[Given records Boundary: Start]

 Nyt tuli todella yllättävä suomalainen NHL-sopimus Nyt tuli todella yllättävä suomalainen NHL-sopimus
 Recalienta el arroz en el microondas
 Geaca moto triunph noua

[Given records Boundary: End]
[Given records Boundary: Start]

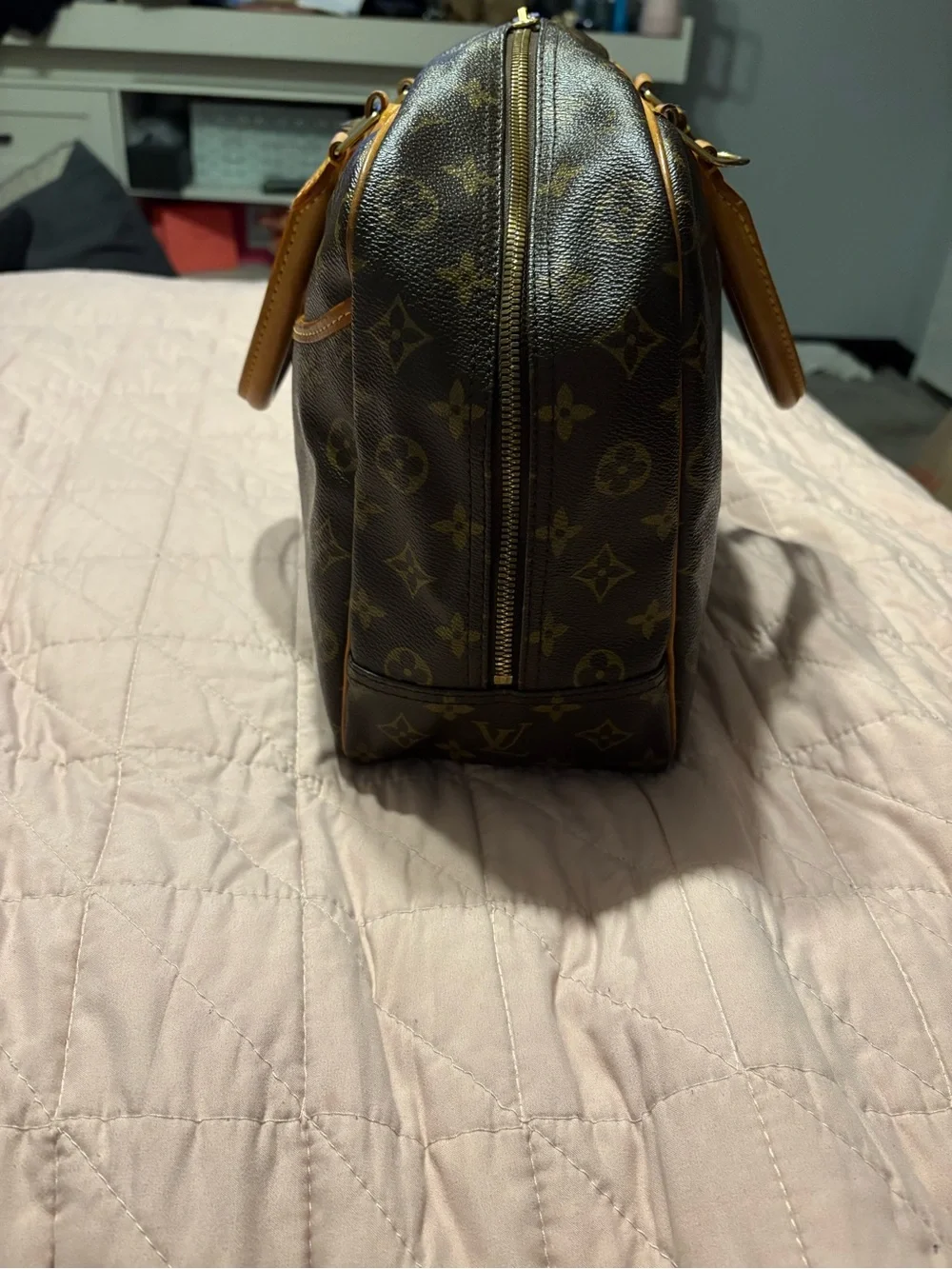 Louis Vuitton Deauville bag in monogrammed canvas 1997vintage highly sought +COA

[Given records Boundary: End]

■ What is being asked: Output exactly one stretch of the listing: from the line containing "Nyt tuli todella yllättävä suomalainen NHL-sopimus Nyt" through the line containing "Geaca moto triunph noua", both end lines included.

■ Final answer:
 Nyt tuli todella yllättävä suomalainen NHL-sopimus Nyt tuli todella yllättävä suomalainen NHL-sopimus
 Recalienta el arroz en el microondas
 Geaca moto triunph noua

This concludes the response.